To the Board of Directors and Stockholders
Cano Petroleum, Inc.

We have audited Cano Petroleum Inc.'s internal control over financial reporting as of June 30, 2009, based on criteria established in Internal Control—Integrated Framework issued by the Committee of Sponsoring Organizations of the Treadway Commission. Cano Petroleum Inc.'s management is responsible for maintaining effective internal control over financial reporting and for its assessment of the effectiveness of internal control over financial reporting included in the accompanying Management's Annual Report on Internal Control over Financial Reporting. Our responsibility is to express an opinion on the company's internal control over financial reporting based on our audit.
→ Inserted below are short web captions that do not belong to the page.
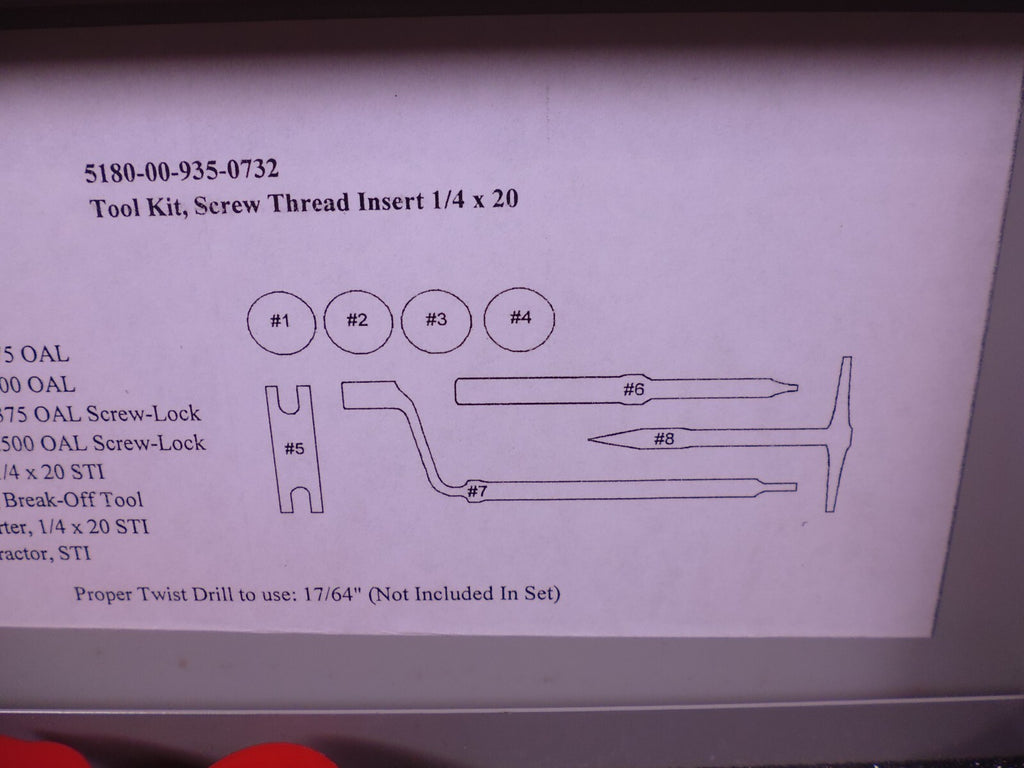 Helical Coil-Sert Screw Thread Insert 1/4" x 20 Tool Kit Tap Inserter Extractor | Industrial MRO Tools and Replacement Industrial Equipment Components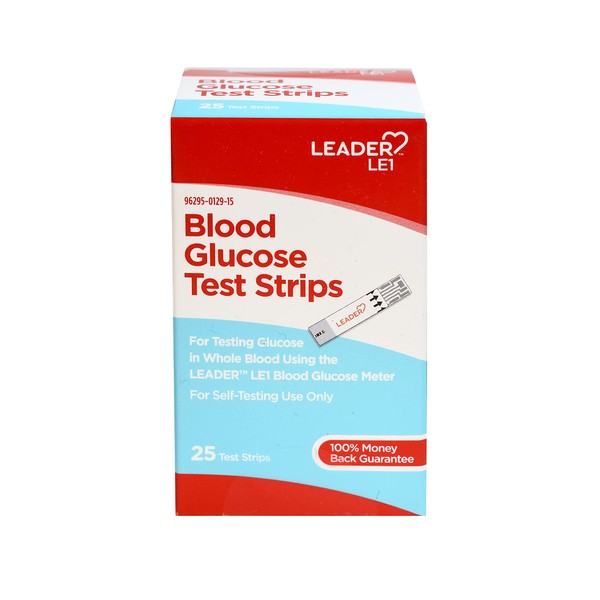 LEADER LE1 Blood Glucose Test Strips 25 Test Strips Pack of 1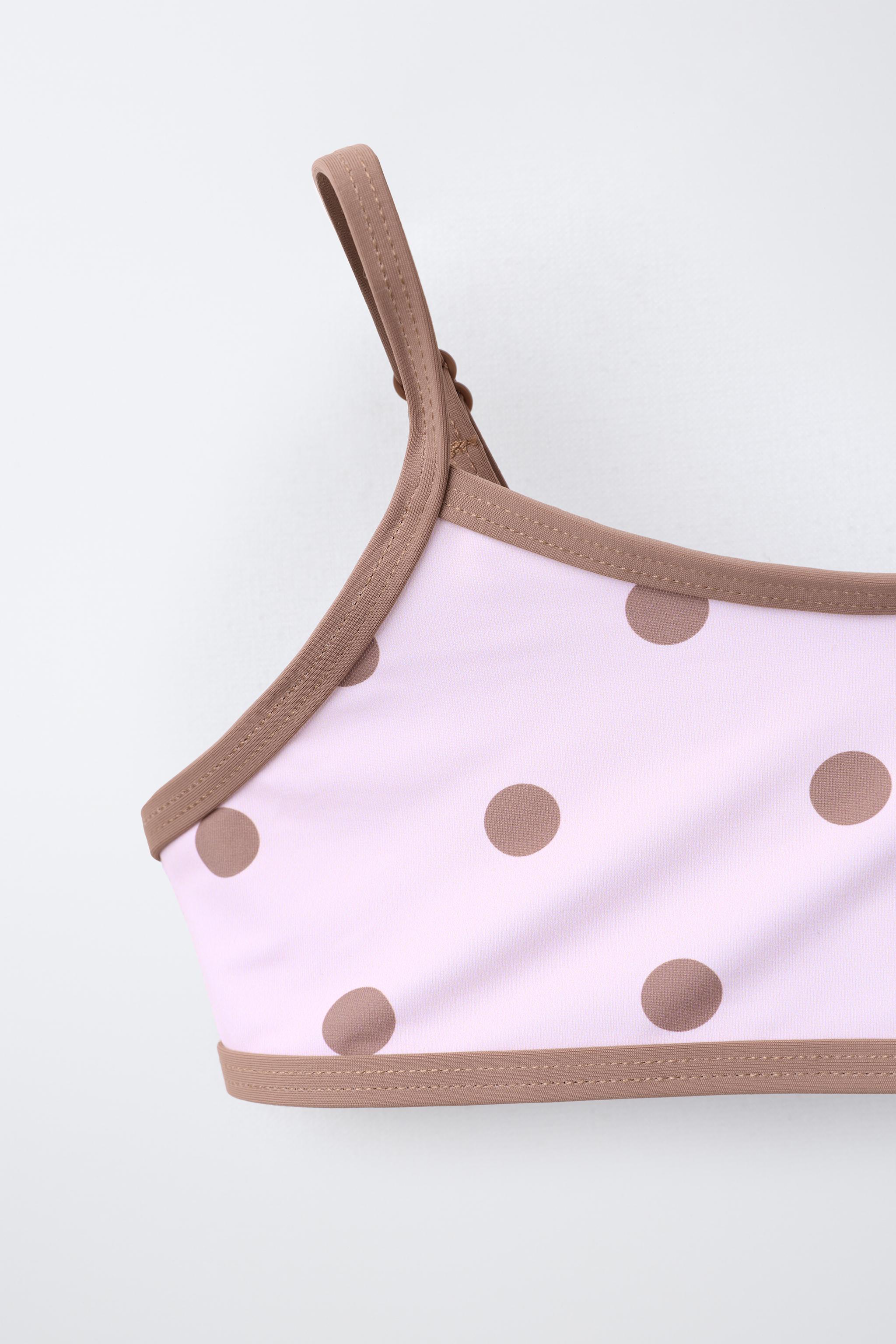 6-14 ANS/ BIKINI TAUPE LISERÉS CONTRASTE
We conducted our audit in accordance with the standards of the Public Company Accounting Oversight Board (United States). Those standards require that we plan and perform the audit to obtain reasonable assurance about whether effective internal control over financial reporting was maintained in all material respects. Our audit included obtaining an understanding of internal control over financial reporting, assessing the risk that a material weakness exists, and testing and evaluating the design and operating effectiveness of internal control based on the assessed risk. Our audit also included performing such other procedures as we considered necessary in the circumstances. We believe that our audit provides a reasonable basis for our opinion.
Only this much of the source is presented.